WITH the spectacular opening rites behind us (directed by my UP high school classmate, the talented playwright and stage director Florencio “Floy” Quintos) the competitions of the 30th Southeast Asian Games formally begin. As I write this I am watching the Philippines compete against defending champion Malaysia for the gold medal in polo at the Enrique Zobel farm in Calatagan, Batangas – while others sports are underway today and for the next nine days or so.
The looming impact of Typhoon Tisoy (international name Kammuri) in the next day or two notwithstanding, every delegation is focused on doing its best, breaking national records and (ideally) setting new SEA Games records on the way to a gold medal finish.
As for the first day jitters and hiccups that spawned a million posts and memes — and stirred discussion even of a leadership coup in the House of Representatives — all that is behind us.
We all know, or must remember, that sometime in 2017 (I think) PRRD expressed his preference to pass up on the honor (and the cost) of staging the Games, which can be argued as being part and parcel of our “obligations” as a member of ASEAN. The president felt that staging the games was an unnecessary expense especially for a country that is still regarded as an “emerging” economy. (It’s been so for most of my lifetime!)
But then, Foreign Affairs Secretary Alan Cayetano – whose post gave him a perspective more attuned to the matter of State to State “obligations” – stepped in and successfully lobbied that we do not pass up the honor.
And the rest, as they say, is history, albeit a convoluted one. One that included, among others, lodging the Games budget in the DFA, creating a private foundation to handle public funds, and provoking a leadership battle in the POC.
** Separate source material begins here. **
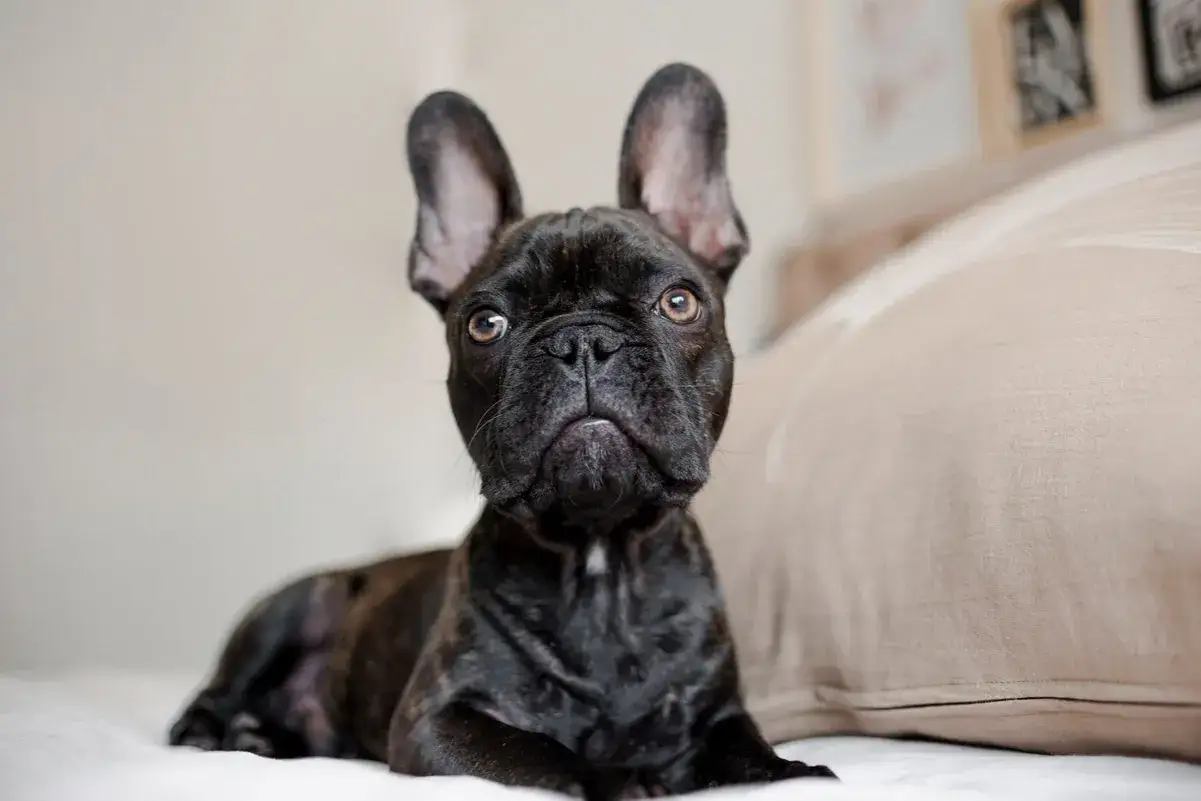 Un bouledogue français noir aux grandes oreilles, au regard intense, semble prêt à bondir. Ne vous fiez pas à son air de bouledogue français dangereux, il est juste curieux.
It is my contention that somewhere in that convoluted history is the “original sin” that turned what could have been “understandable” lapses into bigger issues, triggering a whole discussion on how the funding for the Games was being handled and fuelling a traditional and social media “feeding frenzy” whose consequences have yet to play out.
The original sin, in my eyes, is not that then-DFA Sec. Cayetano insisted on proceeding with the Games, as I personally agree with that; the original sin, in my mind, is that the running of the games wasn’t turned over to professionals and businessmen, a move that would have, among others, insulated the whole affair from politics.
Let’s face it: when responsibility to run an event as big as this (delete IS) one is given to an active politician (it could have been any one) who is known for having higher aspirations as well as fierce rivals, what you have is a potent mix of combustible ingredients that needs just one spark to light the cauldron of controversy (pun intended).
And that’s just what happened when delegates started arriving last week.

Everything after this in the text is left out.